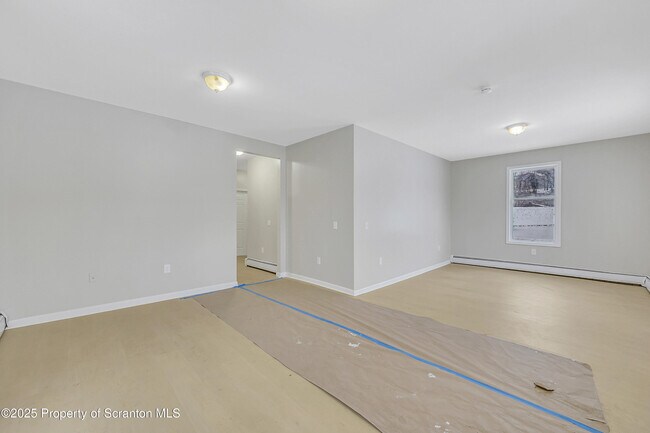 Building Photo - 108 E Market St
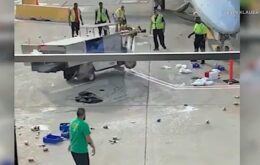 Empilhadeira atropela carro de catering e salva o dia em aeroporto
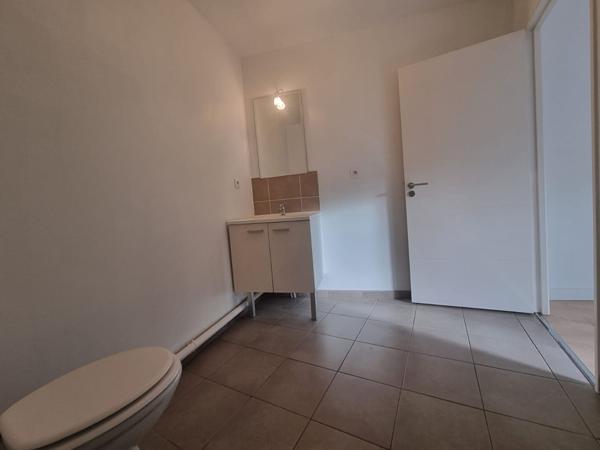 Nantes Zola, T2 avec avec loggia et parking.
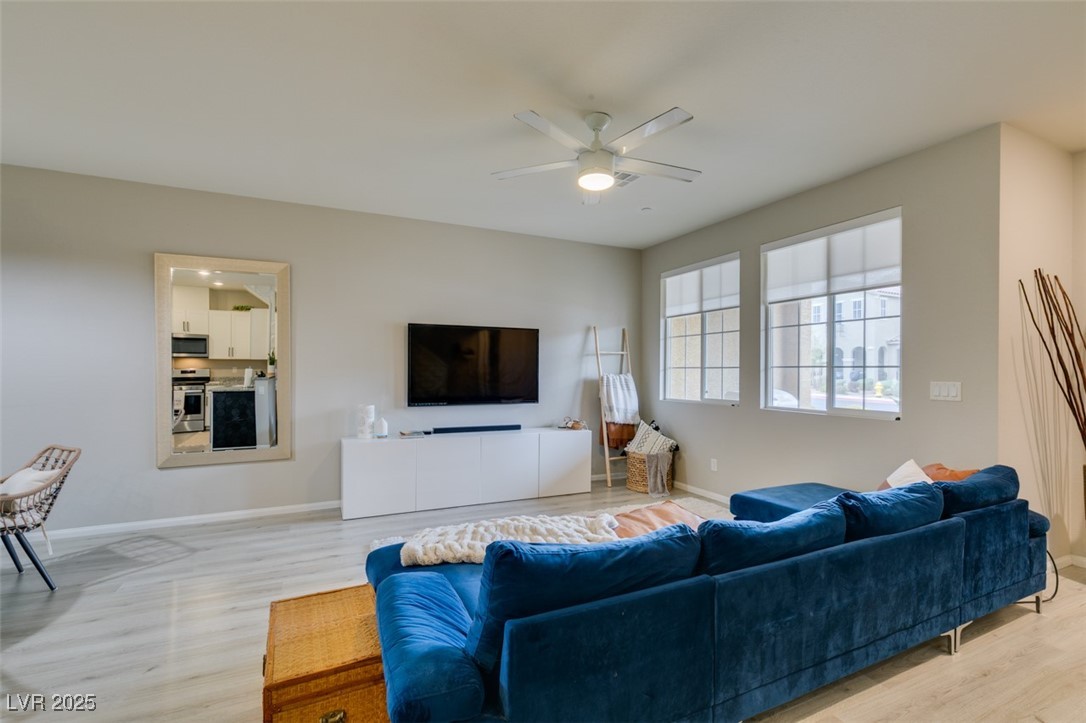 2878 Starling Summit Street, Henderson, Nevada image 7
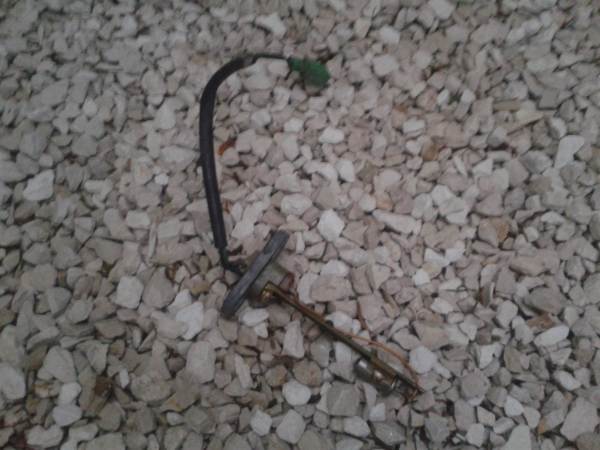 Jauge a &eacute;ssence yamaha 750 fzx fazer 1997 pas cher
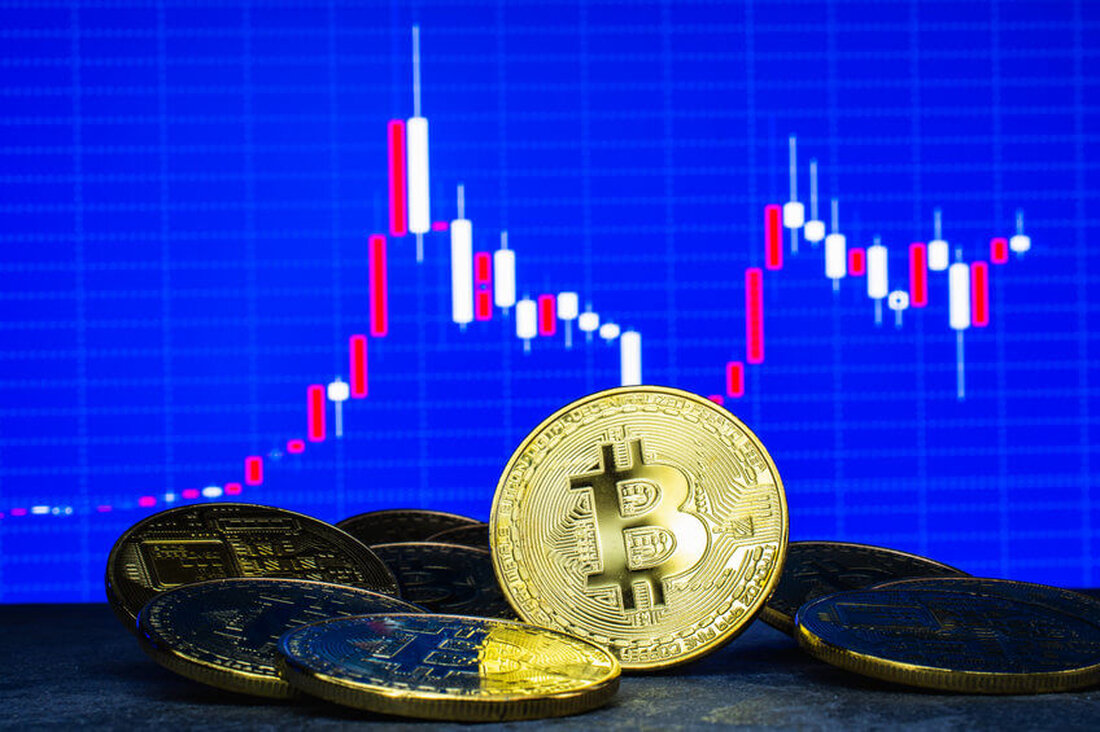 Der Crypto Fear and Greed Index liegt derzeit mit einem Wert von 30 in der Zone „Angst“. Dies ist der niedrigste Stimmungswert für Bitcoin (BTC) seit fast 18 Monaten. Der Crypto Fear and Greed Index, ein Maß für die Marktstimmung für Bitcoin (BTC) und den breiteren Kryptomarkt, ist auf 30 gefallen, den niedrigsten Wert seit über eineinhalb Jahren. Während BTC während des aktuellen Marktzyklus niedriger gehandelt wurde und der Crypto Fear & Greed Index in die „Angst“-Zone gefallen ist, ist dies das erste Mal seit Januar letzten Jahres. Krypto-Angst- und Gierindex fällt auf 30 Als der Bitcoin-Preis am Montag, dem …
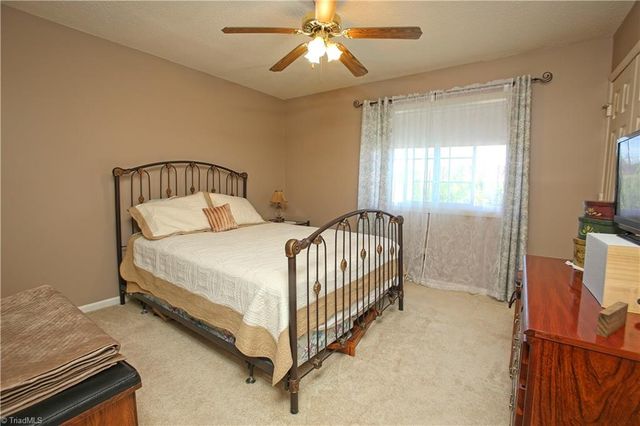 816 Eagle Point Drive, Kernersville, NC 27284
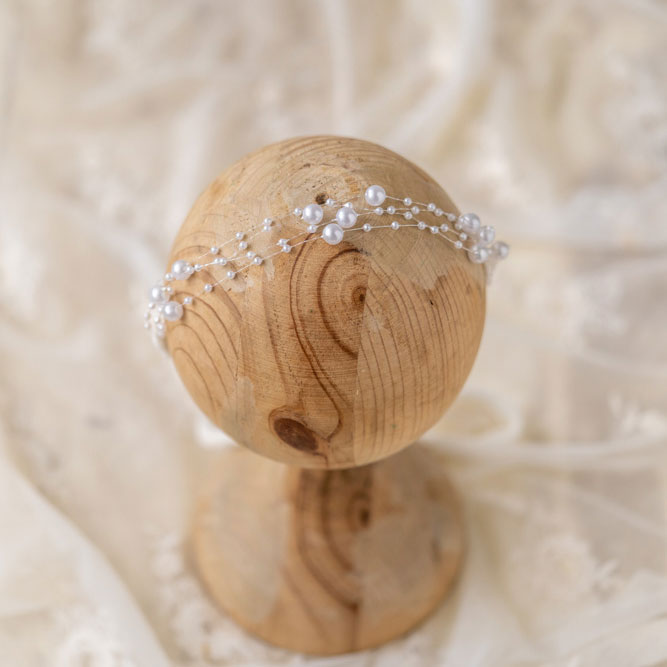 Rental - String Of Pearls Headband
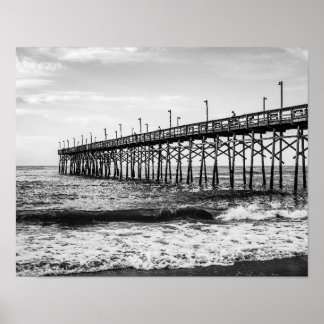 Ocean Isle Vist Pier Black en White Poster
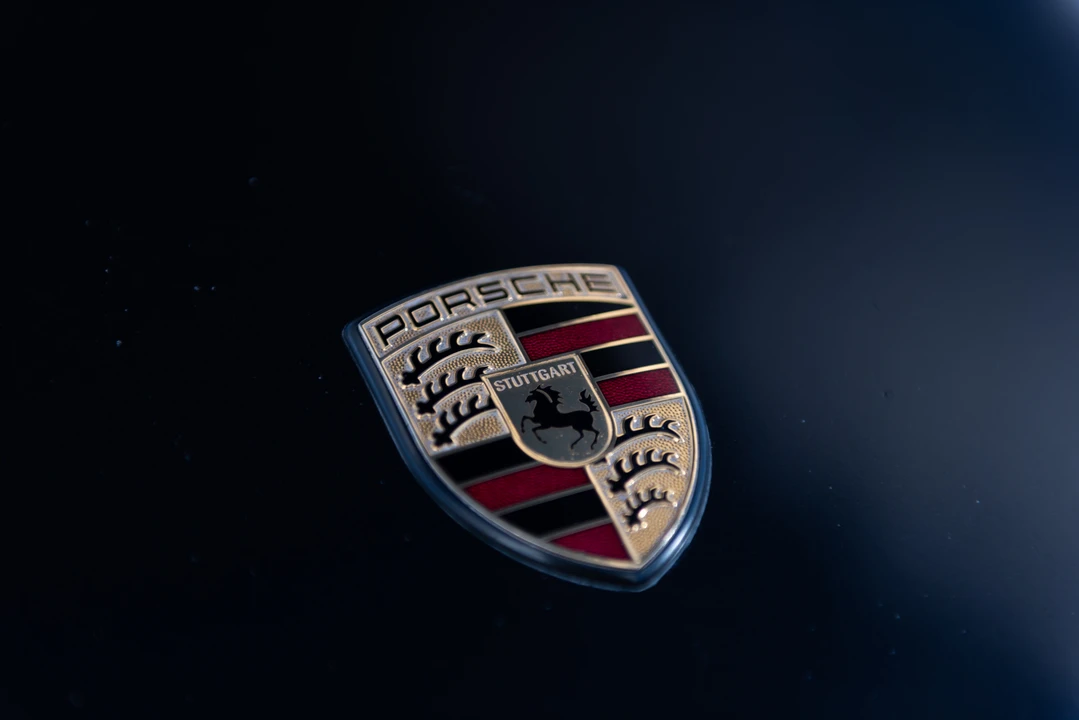 2005 Porsche 996 Carrera 4S - Image 25 of 31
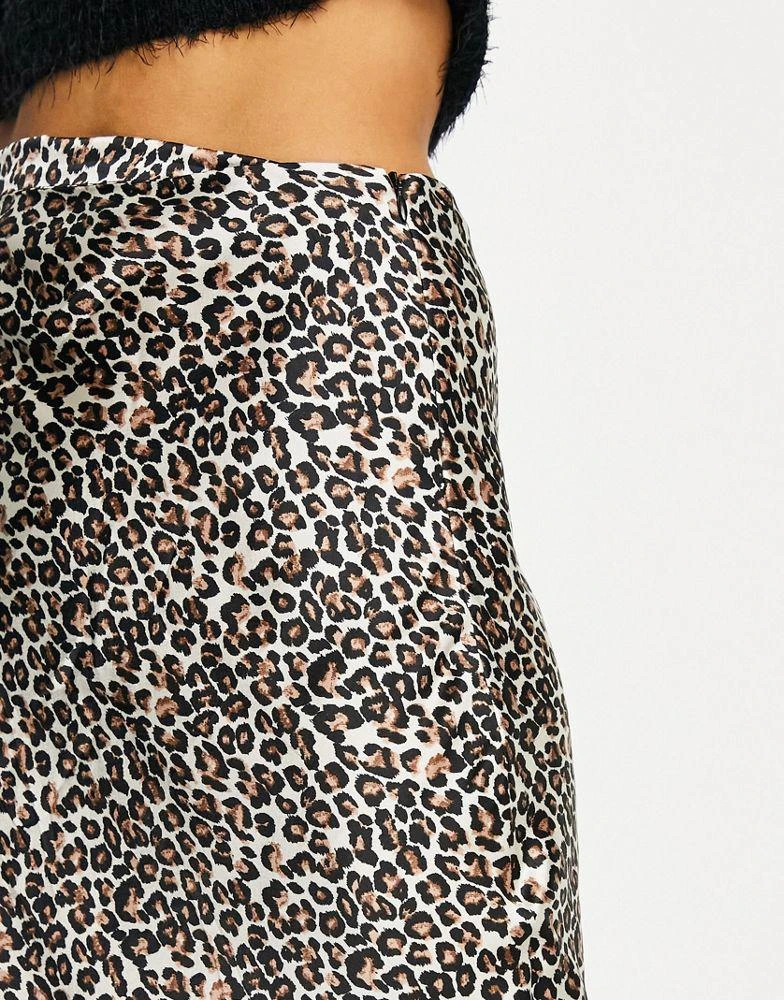 商品Wednesday's Girl|Wednesday's Girl leopard print satin midi skirt in brown,价格¥206,第3张图片详细描述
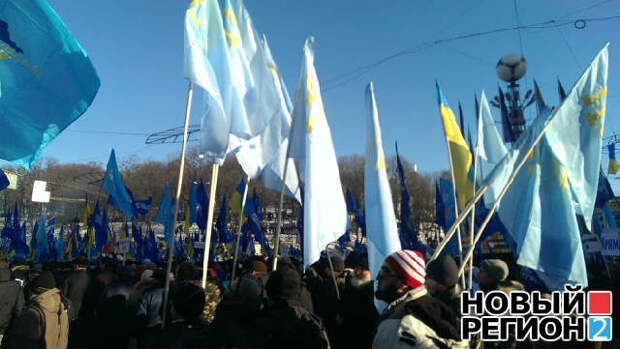 Новый Регион: В центре Киева начались баталии сторонников и противников Януковича – пока что словесные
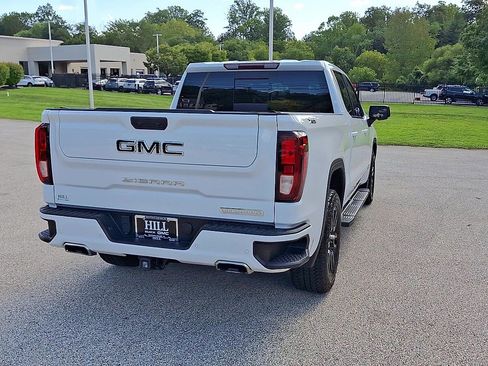 Used 2024 GMC Sierra 1500 Elevation w/ Elevation Premium Package AWD/4WD image 8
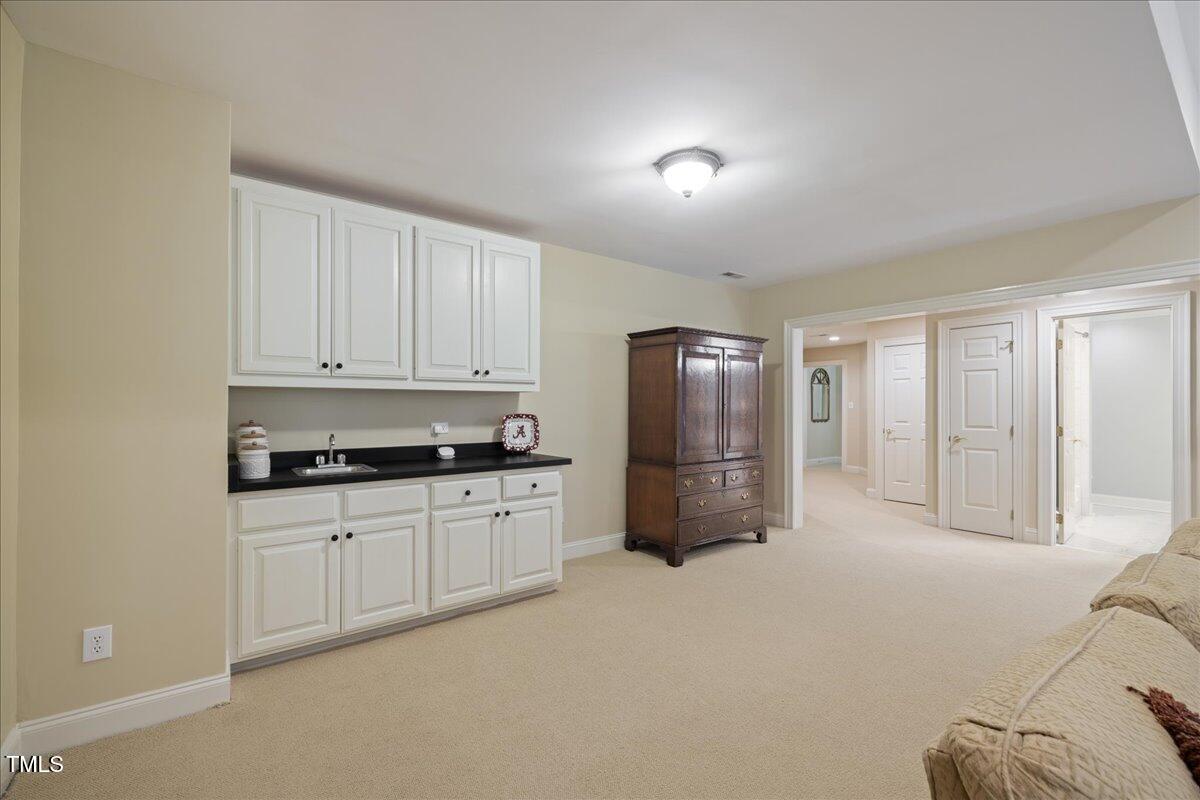 3928 White Chapel Way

EXERCISE: Reproduce nothing but the lines from the line containing "Empilhadeira atropela carro" through the last line of the data above, exactly as written and without pictures.

EXERCISE SOLUTION:
 Empilhadeira atropela carro de catering e salva o dia em aeroporto
 Nantes Zola, T2 avec avec loggia et parking.
 2878 Starling Summit Street, Henderson, Nevada image 7
 Jauge a &eacute;ssence yamaha 750 fzx fazer 1997 pas cher
 Der Crypto Fear and Greed Index liegt derzeit mit einem Wert von 30 in der Zone „Angst“. Dies ist der niedrigste Stimmungswert für Bitcoin (BTC) seit fast 18 Monaten. Der Crypto Fear and Greed Index, ein Maß für die Marktstimmung für Bitcoin (BTC) und den breiteren Kryptomarkt, ist auf 30 gefallen, den niedrigsten Wert seit über eineinhalb Jahren. Während BTC während des aktuellen Marktzyklus niedriger gehandelt wurde und der Crypto Fear & Greed Index in die „Angst“-Zone gefallen ist, ist dies das erste Mal seit Januar letzten Jahres. Krypto-Angst- und Gierindex fällt auf 30 Als der Bitcoin-Preis am Montag, dem …
 816 Eagle Point Drive, Kernersville, NC 27284
 Rental - String Of Pearls Headband
 Ocean Isle Vist Pier Black en White Poster
 2005 Porsche 996 Carrera 4S - Image 25 of 31
 商品Wednesday's Girl|Wednesday's Girl leopard print satin midi skirt in brown,价格¥206,第3张图片详细描述
 Новый Регион: В центре Киева начались баталии сторонников и противников Януковича – пока что словесные
 Used 2024 GMC Sierra 1500 Elevation w/ Elevation Premium Package AWD/4WD image 8
 3928 White Chapel Way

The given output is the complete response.